Objective → Building a prediction model for a clear, defined outcome variable using data for which we already know outcome

Split Data (Randomly); normally 65%-85% training data

  • (Training Data) Used to run algorithm and learn model; model construction

    • Construct a classification model based on training data

  • (Testing Data) Used to test model and assess performance; model testing

    • Measure accuracy of your model using test data

Classification → Outcome Variable is binary/categorical

K-NN (Nearest Neighbors) - simple and heuristic

Must identify NN based on distance measure (euclidian)

  • Data needs to be normalized/ standardized (don’t normalize outcome class)
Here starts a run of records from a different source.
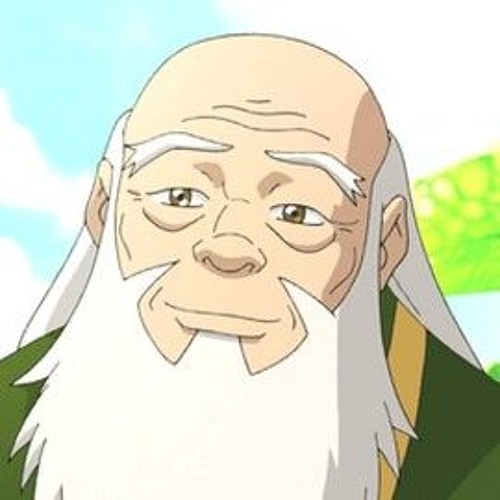 uncle iroh speech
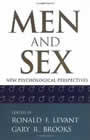 Men and Sex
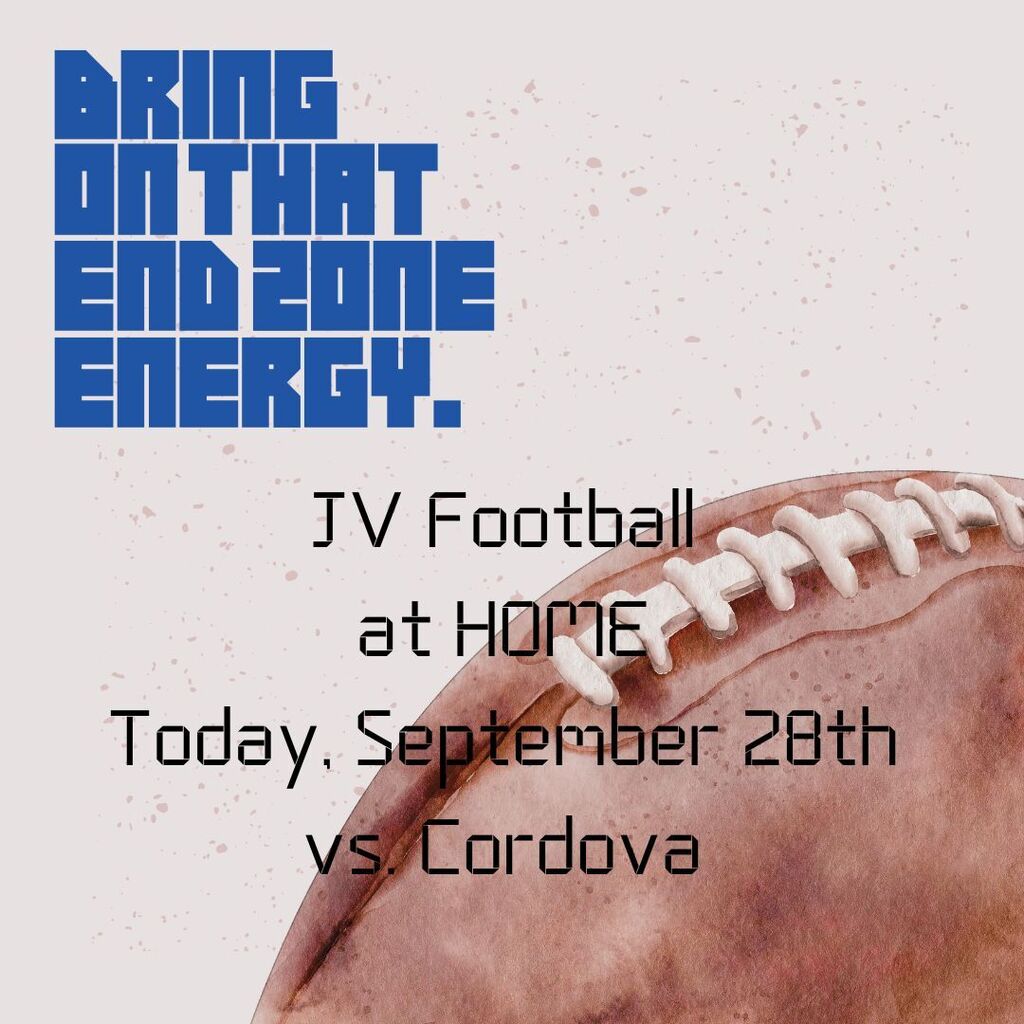 football game day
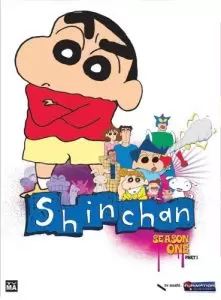 Shinchan Season 1 Hindi Episodes Download in HD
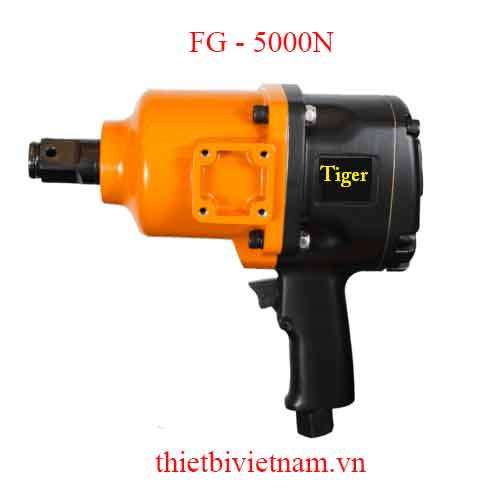 SÚNG BẮN HƠI KHÍ NÉN GẦM NHÍP FG - 5000N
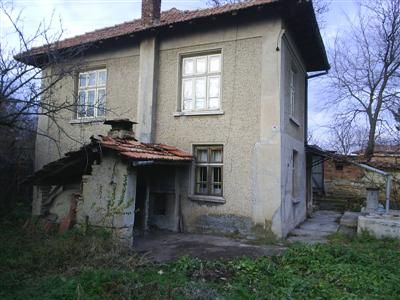 Дом Нова Вырбовка, Болгария, 80 м2 - фото 1
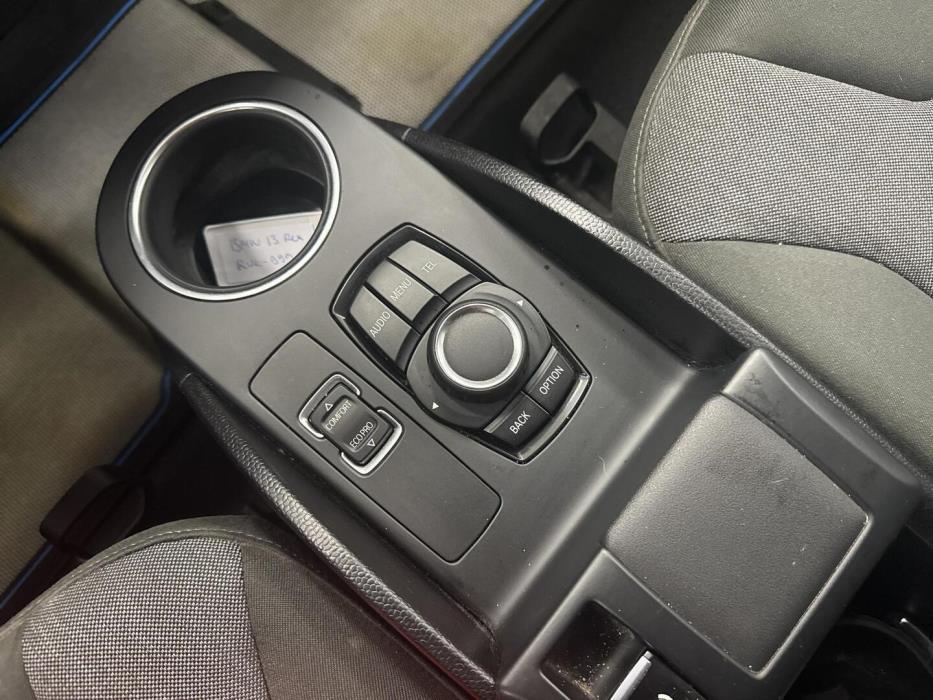 BMW i3 2015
  • NN are points with shortest distance from new point

  • Once NN identified → new observation is classified based on majority rule

K = Number of neighbors to consider

  • Chosen to MAX accuracy, lowest error rate

    • Small k values → capture local structure of data but are very sensitive to potential outliers

    • Larger k values → less sensitive to potential outliers byt iss capturing local strucutre of data

  • If K is even # there can be ties → class is picked randomly by algorithm

    • Recommended not to use even number to avoid this

Classification can be improved by using weighted distance

  • Giving more weight to closer neighbors

Evaluation of Model

  • Error → among all predictions, how many did the model get wrong

  • Accuracy → among all predictions, how many did the model get right

  • Recall → among the true positive class, how many was the model able to retrieve; proportion out of all postive instances in dataset

    • Useful when false negatives are costly; high recall indicates model is good at finding relevant positive instances

  • Precision → among the predicted class, how many was the model able to retrieve; proportion of true positive predictions out of all predicted positive instances

    • Useful when false positives are costly; high precision indicates that positive prediction are most likely correct

  • F1 Scores → harmonic mean of precision and recall, a more reliable measure than accuracy given unbalanced data

Accuracy is not a good measure in unbalanced datasets and high accuracy model may not be good at classifying specific classes → rely on class specific measures like recall and precision

Precision + Recall Trade-off

  • Greater precision, lower recall → lower chance of false positives (good) but lower chance of true negatives (bad)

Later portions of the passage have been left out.